Operations Guide¶
This document covers operational aspects of running router-hosts in production.
Post-Edit Hooks¶
Server executes shell commands after /etc/hosts updates:
on_successhooks - after successful regeneration (e.g., reload dnsmasq)on_failurehooks - after failed regeneration (e.g., alerting)- Hooks run with 30s timeout, failures logged but don't fail operation
- Environment variables provide context (event type, entry count, error message)
Configuration Example¶
Each hook requires a name and command:
[[hooks.on_success]]
name = "reload-dns"
command = "systemctl reload dnsmasq"
[[hooks.on_success]]
name = "notify-slack"
command = "/usr/local/bin/notify-slack.sh"
[[hooks.on_failure]]
name = "alert-ops"
command = "/usr/local/bin/alert-ops.sh"
Hook Name Requirements¶
Hook names must follow these rules:
- Format: Kebab-case only (lowercase letters, numbers, hyphens)
- Length: Maximum 50 characters
- Uniqueness: No duplicate names within the same hook type
- Examples: reload-dns, alert-ops-team, log-update
Hook names appear in health endpoints and logs, providing meaningful identification without exposing sensitive command details.
Environment Variables¶
Hooks receive these environment variables:
| Variable | Description |
|---|---|
ROUTER_HOSTS_EVENT |
"success" or "failure" |
ROUTER_HOSTS_ENTRY_COUNT |
Number of host entries |
ROUTER_HOSTS_ERROR |
Error message (failure hooks only) |
Certificate Reload via SIGHUP¶
The server supports dynamic TLS certificate reload via SIGHUP signal (Unix only).
How It Works¶
- Server receives SIGHUP signal
- Validates new certificates on disk (PEM format, key present, CA present)
- If valid: graceful shutdown (30s drain), restart with new certs
- If invalid: logs error, keeps running with current certs
Graceful Shutdown Details¶
During the 30-second graceful shutdown period:
- New connections: Rejected (server stops accepting)
- In-flight gRPC requests: Allowed to complete
- WriteQueue operations: Continue processing until completion or timeout
- Storage layer: Shared across reloads (database connections persist)
If the timeout expires before all operations complete, remaining connections are forcibly closed.
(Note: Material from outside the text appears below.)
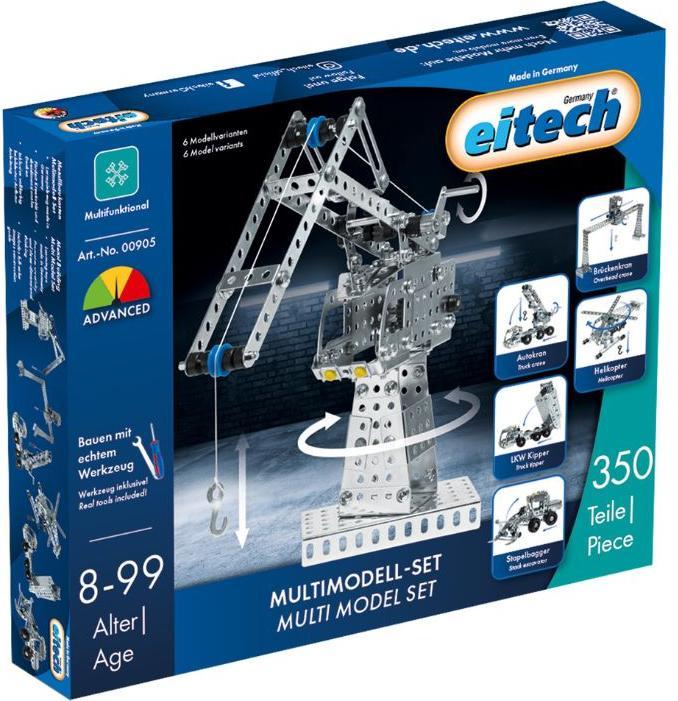 Actual product image Eitech Multi-model set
The server logs a warning indicating some requests may have been interrupted.
What persists across reloads: - Storage backend (DuckDB/SQLite/PostgreSQL connection) - CommandHandler (business logic) - HookExecutor (post-edit hooks configuration) - HostsFileGenerator (output path configuration)
What is recreated: - TLS certificates (the whole point of SIGHUP) - gRPC server instance - WriteQueue (fresh channel and worker task)
Usage¶
# Find server PID and send SIGHUP
pkill -HUP router-hosts
# Or with explicit PID
kill -HUP $(pgrep router-hosts)
Integration with Vault Agent¶
Configure Vault Agent to send SIGHUP after certificate renewal:
template {
source = "cert.tpl"
destination = "/etc/router-hosts/server.crt"
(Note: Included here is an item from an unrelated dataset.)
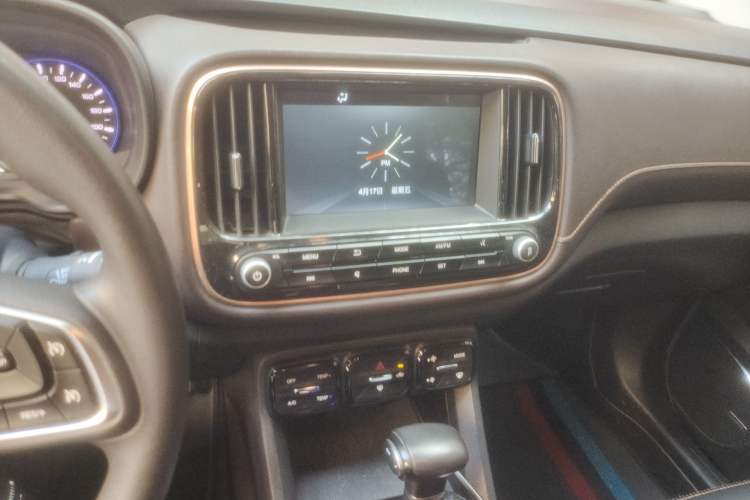 Used GAC Trumpchi GS3 2017 150N Automatic Elite Edition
command = "pkill -HUP router-hosts"
}
Platform Support¶
| Platform | SIGHUP Support |
|---|---|
| Linux | Yes |
| macOS | Yes |
| Windows | No (logs warning) |
Certificate Validation¶
What gets validated on SIGHUP: - Files exist and are readable - Valid PEM format - Private key can be parsed - CA certificate can be parsed
What doesn't get validated: - Certificate expiry (server starts with expired certs) - CA chain validity (checked at connection time) - Key/cert match (checked by tonic on load)
Logging¶
The server uses tracing for structured logging.
Log Levels¶
| Level | Use Case |
|---|---|
error |
Operation failures, certificate errors |
warn |
Degraded operation, hook timeouts |
info |
Normal operations, startup/shutdown |
debug |
Request details, hook execution |
trace |
Wire-level details |
Configuration¶
Set via RUST_LOG environment variable:
# All components at info level
RUST_LOG=info router-hosts server
# Debug for storage, info for everything else
RUST_LOG=info,router_hosts_storage=debug router-hosts server
# Trace gRPC traffic
RUST_LOG=info,tonic=trace router-hosts server
Monitoring¶
Health Checks¶
The server exposes health check RPCs within HostsService for monitoring and orchestration systems.
Available Health RPCs:
| RPC | Purpose | Checks |
|---|---|---|
Liveness |
Process alive check | Returns immediately (no I/O) |
Readiness |
Ready to serve | Verifies database connectivity |
Health |
Detailed status | Server, database, ACME, hooks |
Using grpcurl for health checks:
# Check readiness (verifies database)
grpcurl -cacert /path/to/ca.crt \
-cert /path/to/client.crt \
-key /path/to/client.key \
localhost:50051 router_hosts.v1.HostsService/Readiness
# Get detailed health status
grpcurl -cacert /path/to/ca.crt \
-cert /path/to/client.crt \
-key /path/to/client.key \
localhost:50051 router_hosts.v1.HostsService/Health
Health Response Fields:
| Field | Description |
|---|---|
healthy |
Overall health status |
server_status |
gRPC server status |
database_status |
Storage backend connectivity |
acme_status |
ACME certificate manager status (if configured) |
hooks |
Individual hook health status |
The Readiness RPC is suitable for Kubernetes readiness probes as it verifies the server can process requests (database is accessible).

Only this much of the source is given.